Bölgede Türk kültürüne ait izleri tespit edebilmek için beraberinde Araştırma Görevlisi Yavuz Günaşdı ile birlikte önce İran, ardından da Azerbaycan’a giden Ceylan, buralardaki müzelerde de incelemelerde bulundu.

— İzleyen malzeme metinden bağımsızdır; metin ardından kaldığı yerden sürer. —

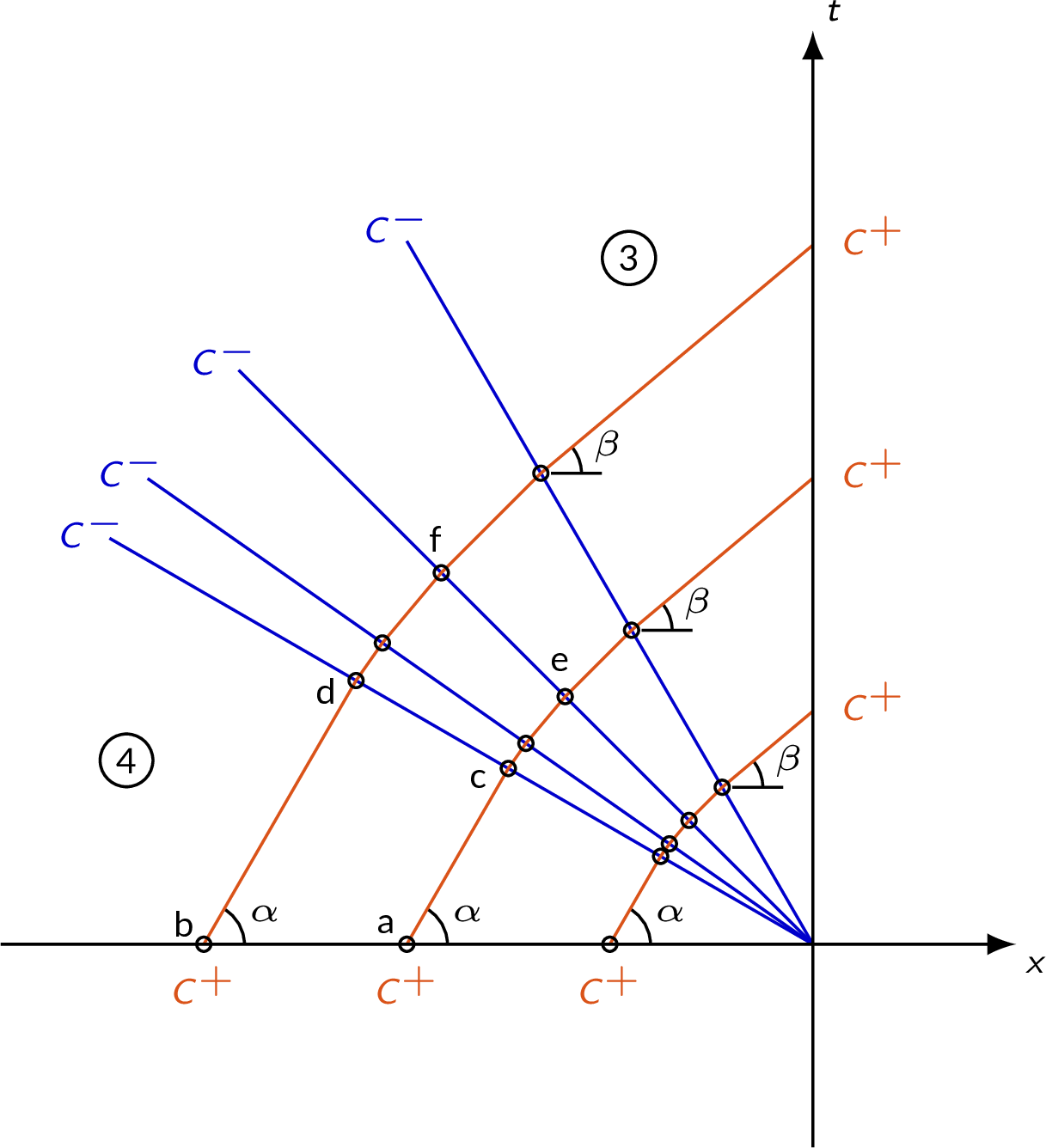 expansion fan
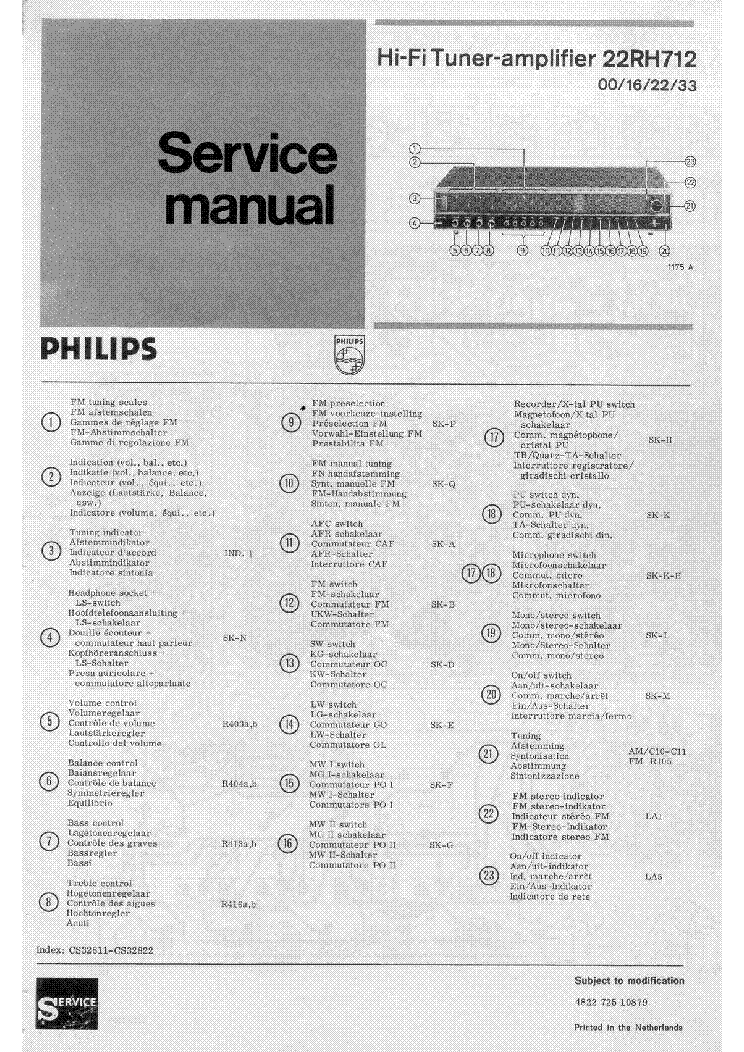PHILIPS 22RH712 SERIES HIFI TUNER-AMPLIFIER 1974 SM service manual (1st page)
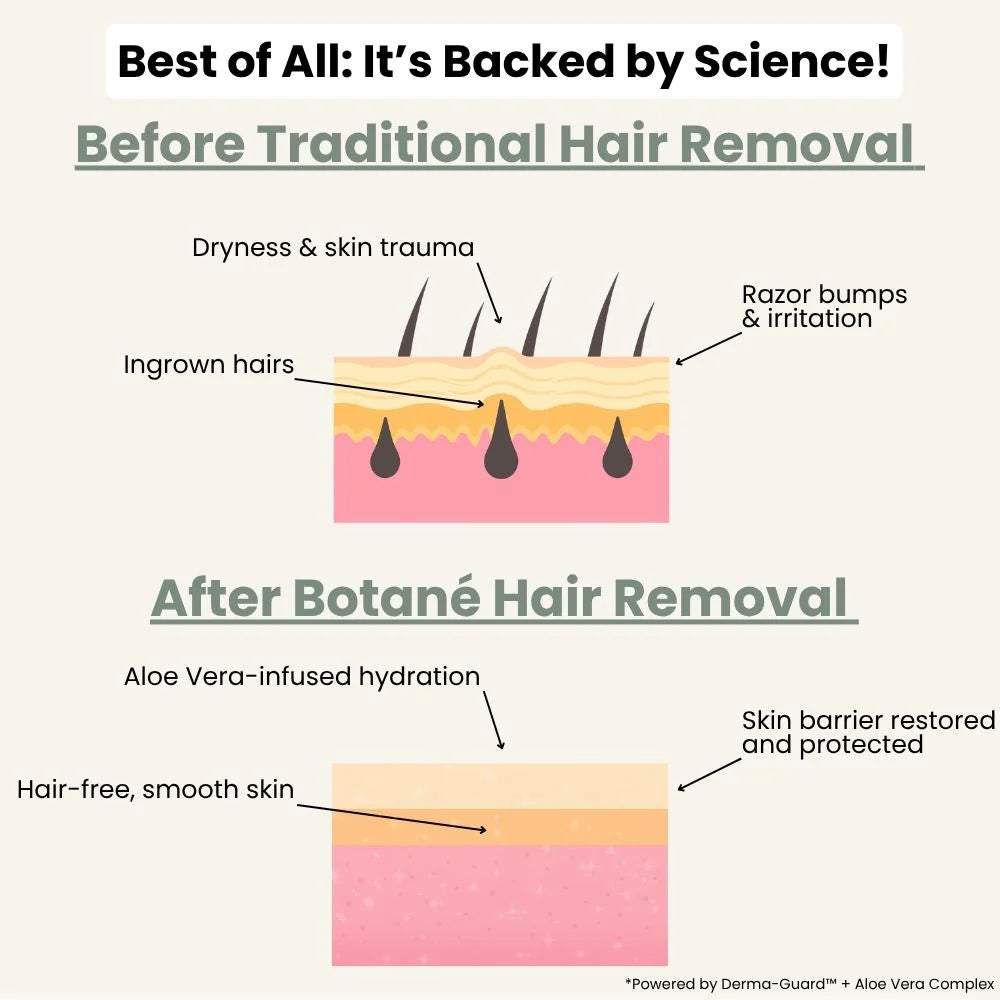 Hair Removal Cream | For Coarse & Curly Hair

//TARİHİN ŞİFRELERİ ÇÖZÜLÜYOR
Atatürk Üniversitesi Edebiyat Fakültesi Tarih Bölümü Öğretim Üyesi Prof. Dr. Alpaslan Ceylan, tarihin şifrelerini çözmeye yurt dışında da devam ediyor. Türkiye’nin çeşitli bölgelerinde yaptığı yüzey araştırmaları ve kazılarla adından söz ettirmeyi başaran Prof. Dr. Ceylan, yeni bilimsel araştırmalar yapmak ve Türk kültürüne dair yeni fikirler edinmek üzere çıktığı yurt dışı gezisinden döndü. Beraberinde Tarih Bölümü’nde görevli Araştırma Görevlisi Yavuz Günaşdı ile birlikte İran’ın Tebriz ve Azerbaycan’ın da Bakü kentlerinde bilimsel araştırmalar gerçekleştiren Ceylan, bölgedeki tarihçi bilim adamlarından da destek aldı. Prof. Dr. Ceylan, dünyanın dört bir yanında Türk kültürünün izlerine rastlamanın mümkün olduğunu belirterek, “Türk tarihi hakkında çok önemli bilgi ve bulgulara ulaşabilme noktasında bu bölge çok büyük bir önem taşıyor. Bilimsel araştırmalarımıza katkı sunan bölgenin değerli bilim adamlarının yanında, halkından gördüğümüz yakın ilgi ve alaka bizleri gerçekten çok memnun etti. Gördüğümüz misafirperverlik ve güler yüz, açıkçası bize hiç yabancı gelmedi.” diye konuştu.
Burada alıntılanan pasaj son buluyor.